Thursday, February 19, 2026

[Editorial] "Owning Multiple Homes Is Not Always the Problem"

Input
2026-02-18 19:33:38
Updated
2026-02-18 19:33:38
President Lee Jae-myung has been issuing a series of messages about the real estate market since he personally announced on the 23rd of last month that the temporary suspension of heavier capital gains taxes on multiple-home owners would end as planned. The photo shows a notice about capital gains tax posted at a real estate agency in Seoul. /Photo by Yonhap News Agency
On the 18th, President Lee Jae-myung stated, "Owning multiple homes is not always the problem." He delivered this message on the social media platform X (formerly Twitter) under the headline, "The real social evil is not people who own multiple homes, but politicians who made multiple-home ownership profitable." Lee argued, "If we are to single out a social evil for criticism, that criticism should be directed not at multiple-home owners who took advantage of bad rules, but at the politicians who created and implemented those bad rules."

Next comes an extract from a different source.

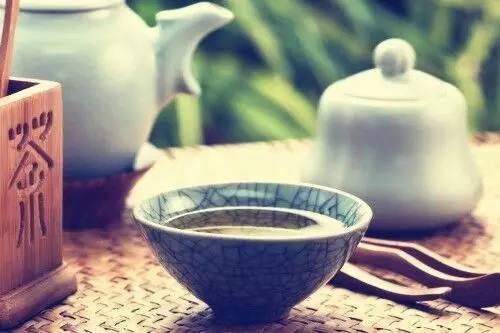 瓷器，会是让你爱上美学的“磁”器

Since he personally announced on the 23rd of last month that the temporary suspension of heavier capital gains taxes on multiple-home owners would end, Lee has continued to post messages related to the real estate market. Even during the Lunar New Year holiday, he said, "We are only seeking to normalize the real estate market, not forcing anyone to sell their home," and, "A house can be an investment asset, but fundamentally it is a means of residence." He also asked, "Do you really believe we should not regulate multiple-home owners, that we should protect them and maintain existing preferential treatment in areas such as finance and taxation?" and pledged, "I will shake off all fear, save every minute, and devote my utmost efforts." These remarks are widely seen as a declaration that he intends to confront political controversy head-on and focus all efforts on stabilizing the housing market.
Stabilization messages led by the president are being reflected in the market almost immediately. In weekly statistics from KB Real Estate, the number of sellers has risen sharply compared with buyers, pushing the buyer’s preference index down to its lowest level of the year. A survey by a private real estate big data platform also found that apartment listings in Seoul increased by 7.5% over the past ten days, exceeding 64,000 units. Given how sensitive the real estate market is to buyer and seller sentiment, it is clear that the president’s remarks are having a significant impact.
The government is also fleshing out policy in line with the president’s messages. On the 10th, it decided to end the temporary suspension of heavier capital gains taxes on multiple-home owners on May 9 as scheduled, while allowing an additional four to six months for final payment and registration after a sale. Right after the Lunar New Year holiday, it also began reviewing a plan to strictly apply regulations on the interest coverage ratio based on rental income (RTI) when extending the maturity of roughly 14 trillion won in loans to registered landlords. This follows the president’s question, "Is it fair to simply extend loan maturities for multiple-home owners?" As a result, the heavier interest burden could increase pressure on these owners to sell.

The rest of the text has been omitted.